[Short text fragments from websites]
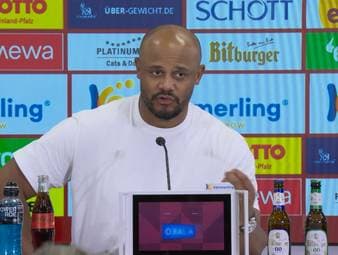 Jamals Musiala scheint sich gegen Mainz den Verletzungsfrust von der Seele zu schießen. Sein Trainer Vincent Kompany freut sich mit dem Bayern-Juwel. Doch trotzdem ist immer noch Vorsicht geboten.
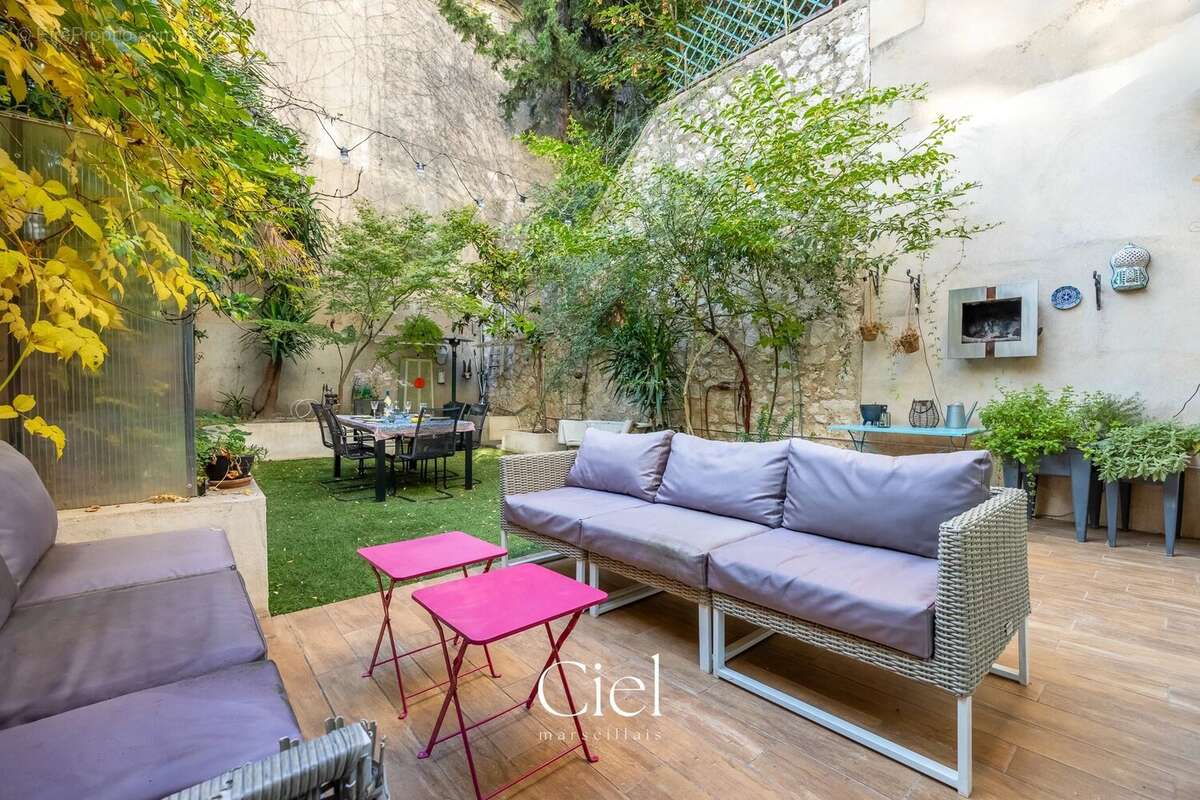 Appartement à MARSEILLE-8E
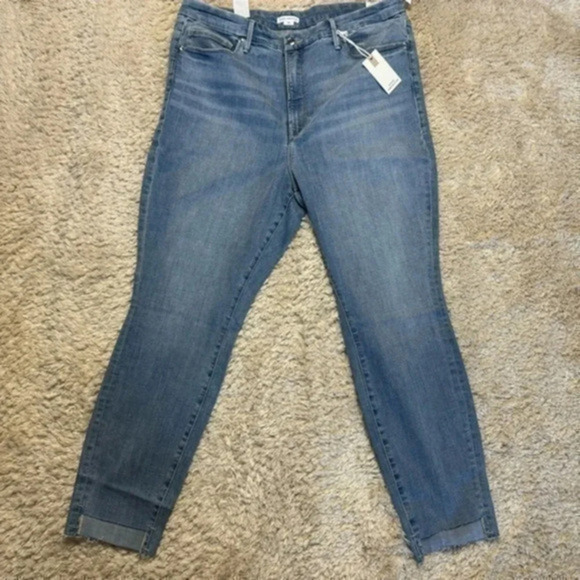 Good American Denim - Good American women’s good legs raw step hem skinny jeans size 20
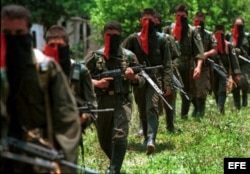 Юные бойцы колумбийской группировки "Армия национального освобождения"
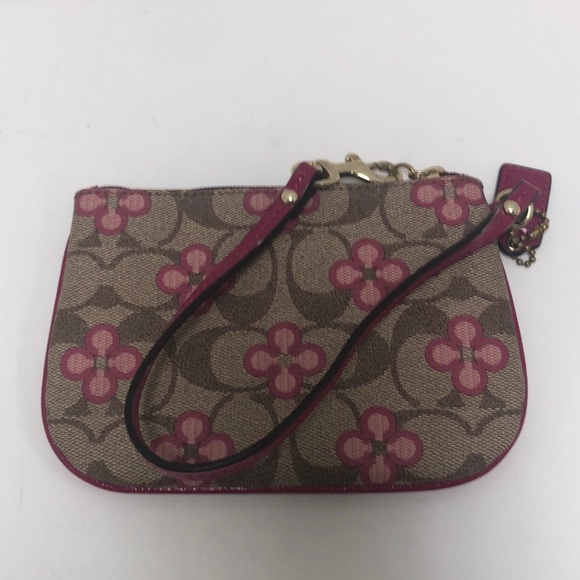 Coach signature wristlet - Picture 3 of 4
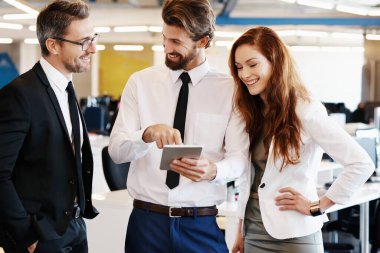 Üçü bir olarak çalışıyor.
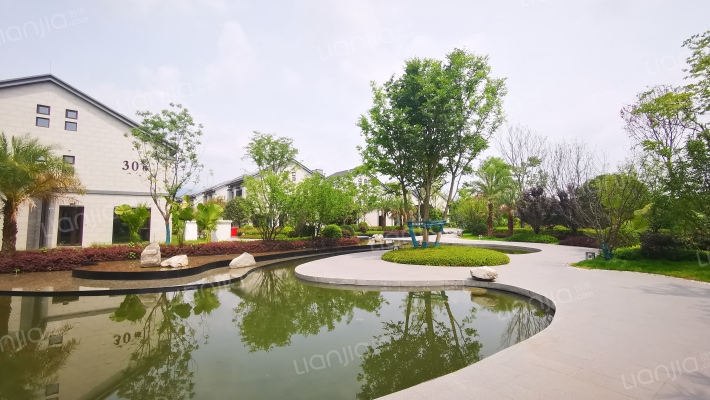 中铁水映青城外景图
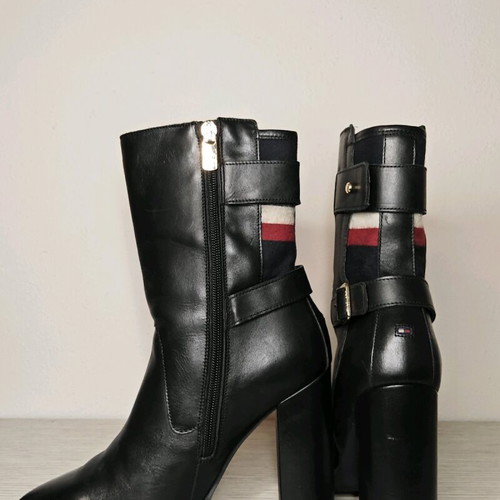 Tommy Hilfiger black leather boots like new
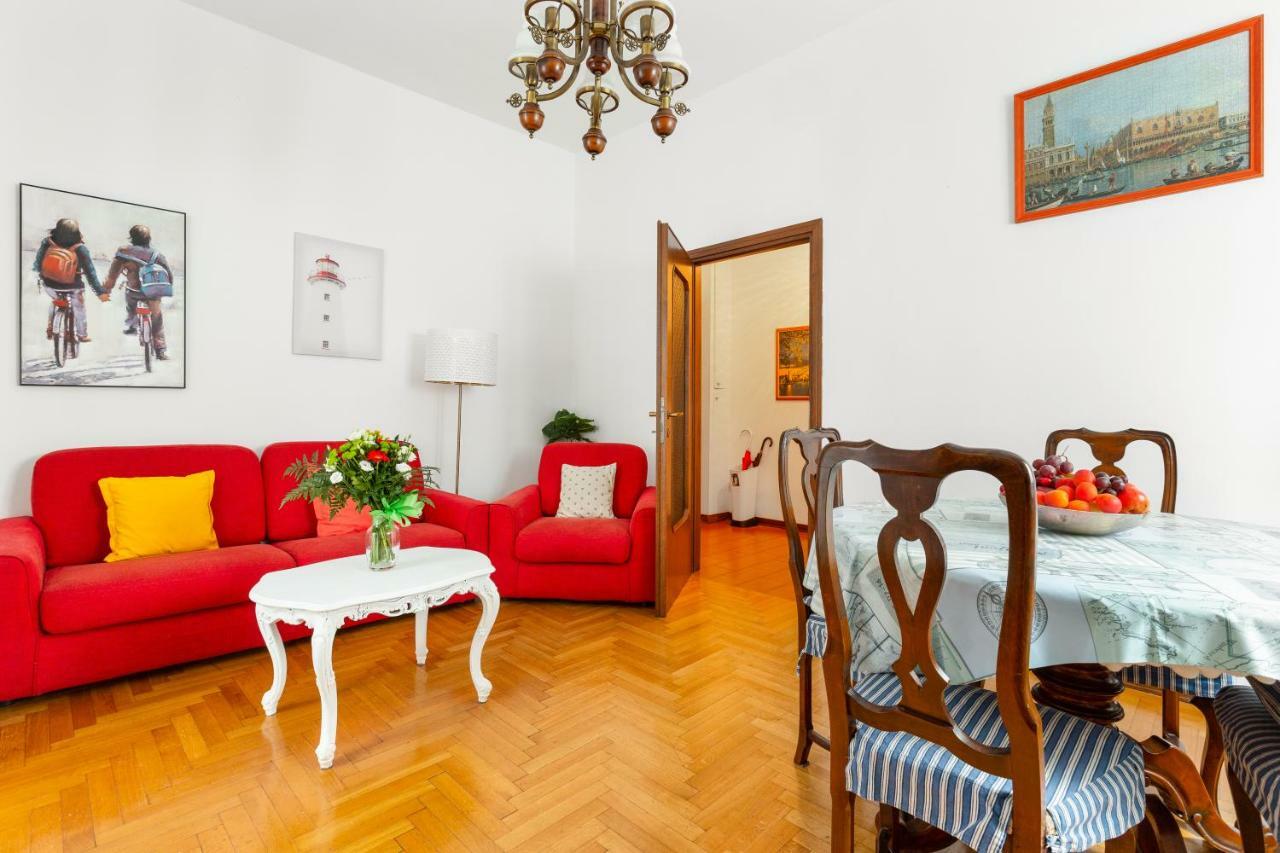 Bright Flat With Shared Garden Appartement Milaan Buitenkant foto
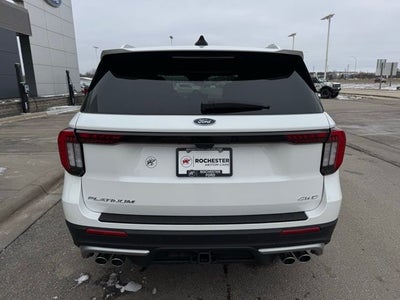 2025 Ford Explorer Platinum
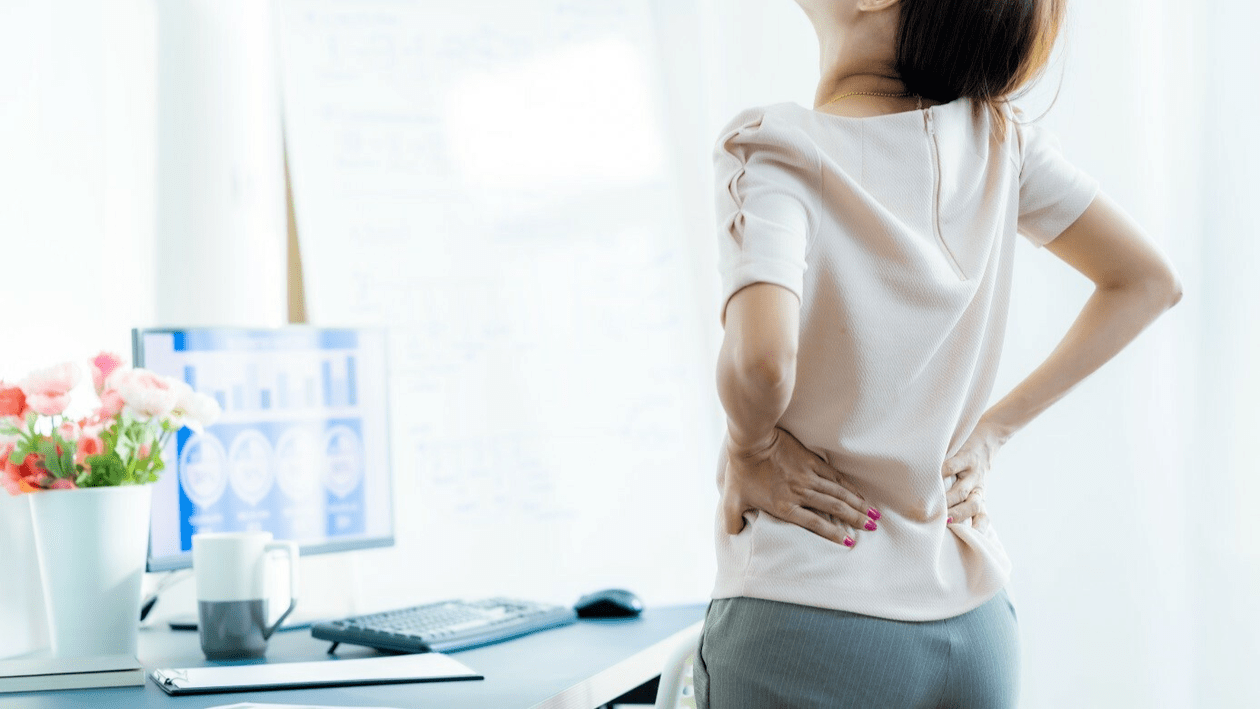 Osteohondrozo ledvene hrbtenice spremljajo bolečine in nelagodje v ledvenem delu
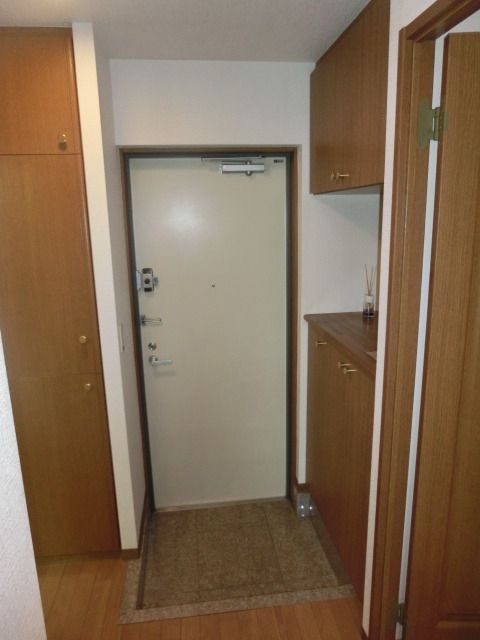 玄関　シューズボックス完備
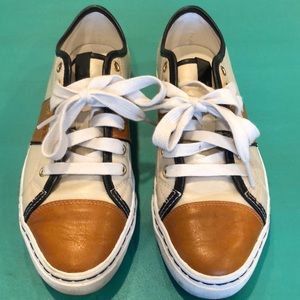 Geox Made in Italy sneakers size US 8, EURO 38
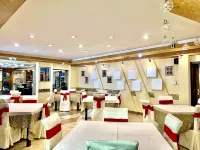 Kharaa Hotel & Restaurant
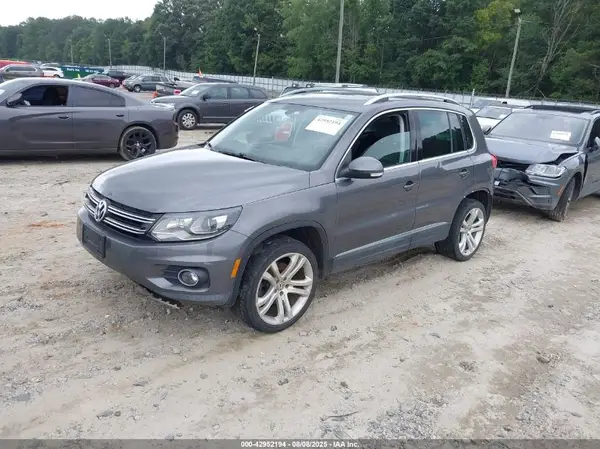 WVGBV7AX5GW524097 2016 VOLKSWAGEN TIGUAN - Image 2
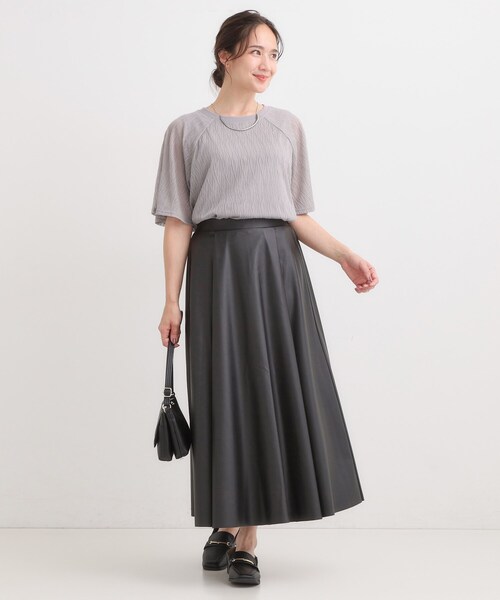 SHOO・LA・RUE(シューラルー)の「【S-LL/二の腕カバー】ウエーブ柄 インナードッキングトップス(Tシャツ/カットソー・レディース・ブルー/レッド系1/ブラック/グレー・03/02/04/01)」の13枚目の写真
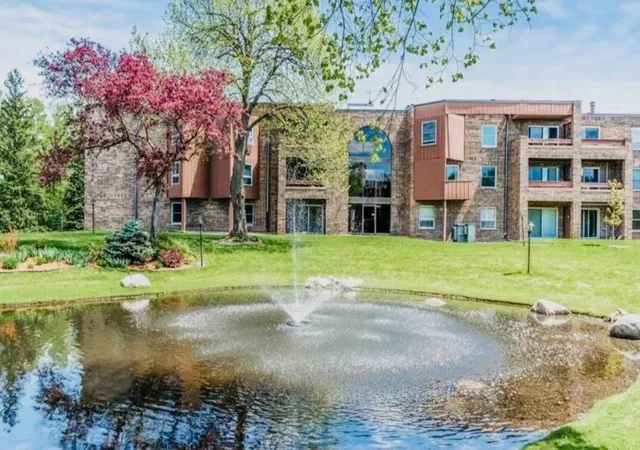 1st image of 2230 Midland Grove Rd #305, Saint Paul, MN 55113 | MLS# 7103897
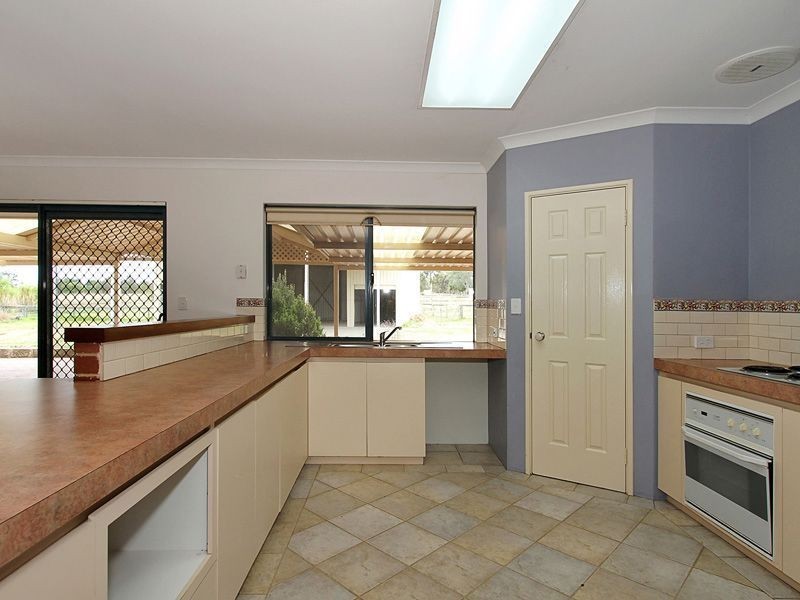 86 Lorimer Road, Wattleup WA 6166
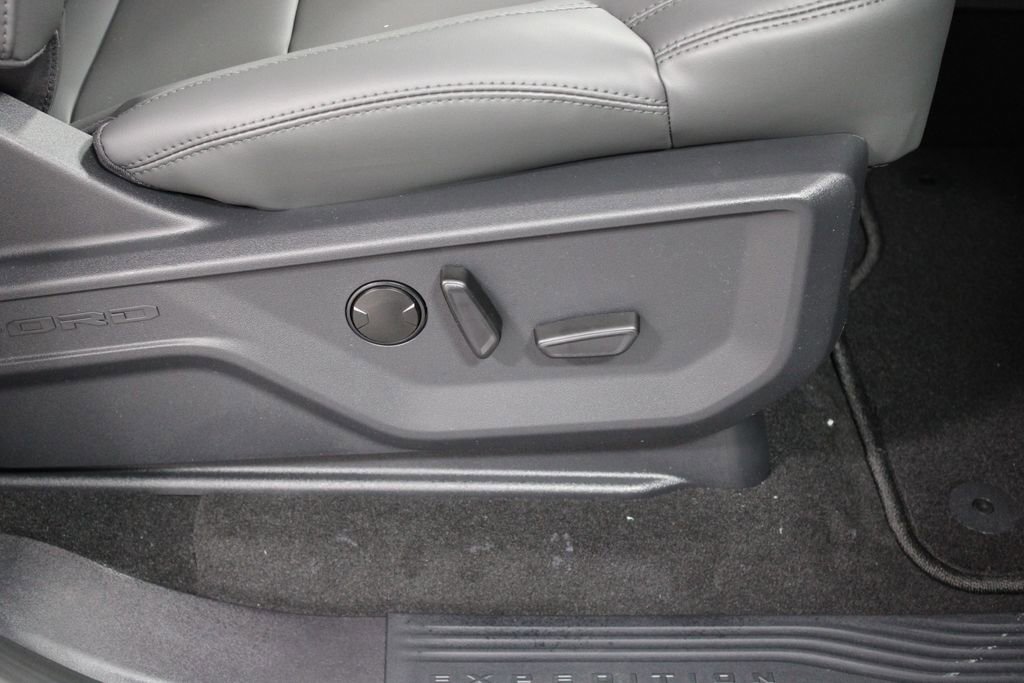 New 2026 Ford Expedition Max Active image 27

What to do:
Write out exactly, and only, the lines running from the line with "Bright Flat With" to the last line above, both included, with all pictures omitted.

Written response:
 Bright Flat With Shared Garden Appartement Milaan Buitenkant foto
 2025 Ford Explorer Platinum
 Osteohondrozo ledvene hrbtenice spremljajo bolečine in nelagodje v ledvenem delu
 玄関　シューズボックス完備
 Geox Made in Italy sneakers size US 8, EURO 38
 Kharaa Hotel & Restaurant
 WVGBV7AX5GW524097 2016 VOLKSWAGEN TIGUAN - Image 2
 SHOO・LA・RUE(シューラルー)の「【S-LL/二の腕カバー】ウエーブ柄 インナードッキングトップス(Tシャツ/カットソー・レディース・ブルー/レッド系1/ブラック/グレー・03/02/04/01)」の13枚目の写真
 1st image of 2230 Midland Grove Rd #305, Saint Paul, MN 55113 | MLS# 7103897
 86 Lorimer Road, Wattleup WA 6166
 New 2026 Ford Expedition Max Active image 27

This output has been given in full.